Literature DB >> 11259344

Interactions between dietary chemicals and human sulfotransferases-molecular mechanisms and clinical significance.

M W Coughtrie1, L E Johnston.   

Abstract

Sulfation plays a major role in the detoxication of xenobiotics as well as in modulating the biological activity of numerous important endogenous chemicals. In contrast to this "chemical defense" function, sulfation is also a key step in the bioactivation of a host of pro-mutagens and pro-carcinogens. These reactions are catalyzed by an expanding family of sulfotransferase (SULT) enzymes, which transfer a sulfuryl moiety from the universal donor 3'-phosphoadenosine 5'-phosphosulfate. Here, we discuss current knowledge of the human sulfotransferase enzyme family, of which at least 11 members have been identified to date, including regulation of expression by endogenous compounds and xenobiotics as well as the molecular basis of polymorphisms in members of the SULT1A (phenol sulfotransferase) family.
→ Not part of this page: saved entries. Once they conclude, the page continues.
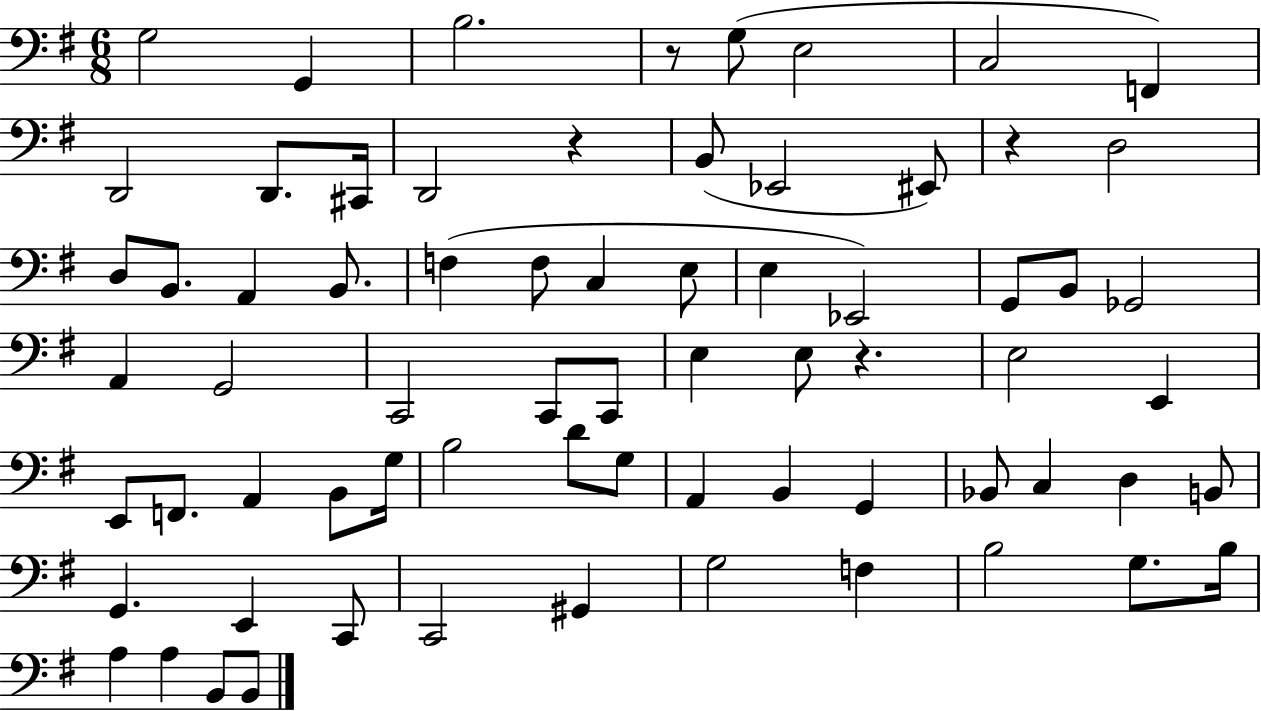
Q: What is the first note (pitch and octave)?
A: G3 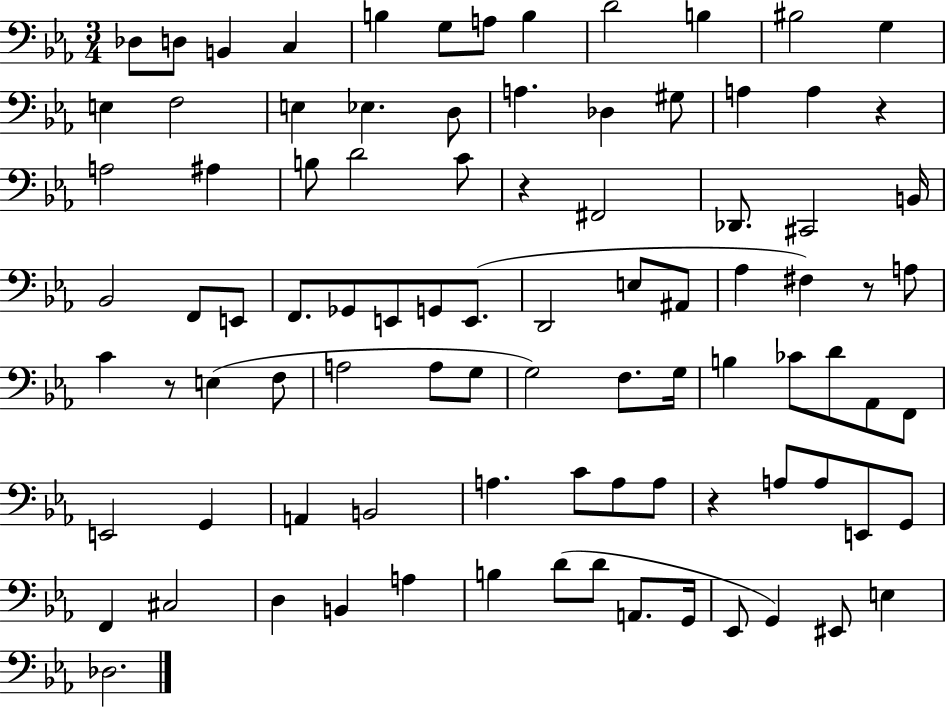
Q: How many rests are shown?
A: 5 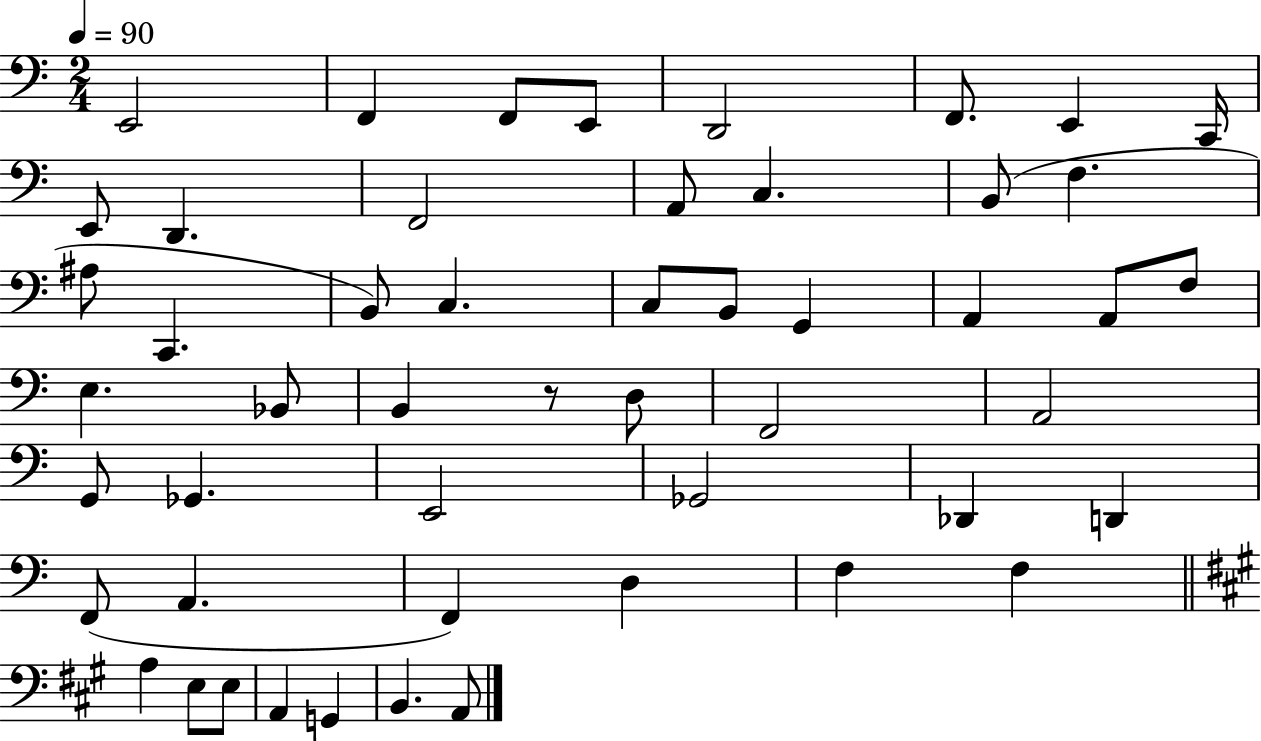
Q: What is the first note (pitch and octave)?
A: E2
We also present new data on the inhibition of SULT1A enzymes by dietary chemicals, showing that compounds to which we are exposed regularly, such as epigallocatechin gallate and epicatechin gallate are extremely potent inhibitors of phenol sulfotransferases (K(i) in the nanomolar range for SULT1A1). We found that the mechanism of inhibition by these chemicals varied depending on the individual isoform involved, showing uncompetitive inhibition of SULT1A1 whereas with SULT1A2 and -1A3 they demonstrated mixed type inhibition. Thus, genetic-environmental interactions may play an important role in modulating sulfotransferase activity and in determining individual response to chemicals metabolized by these important enzymes.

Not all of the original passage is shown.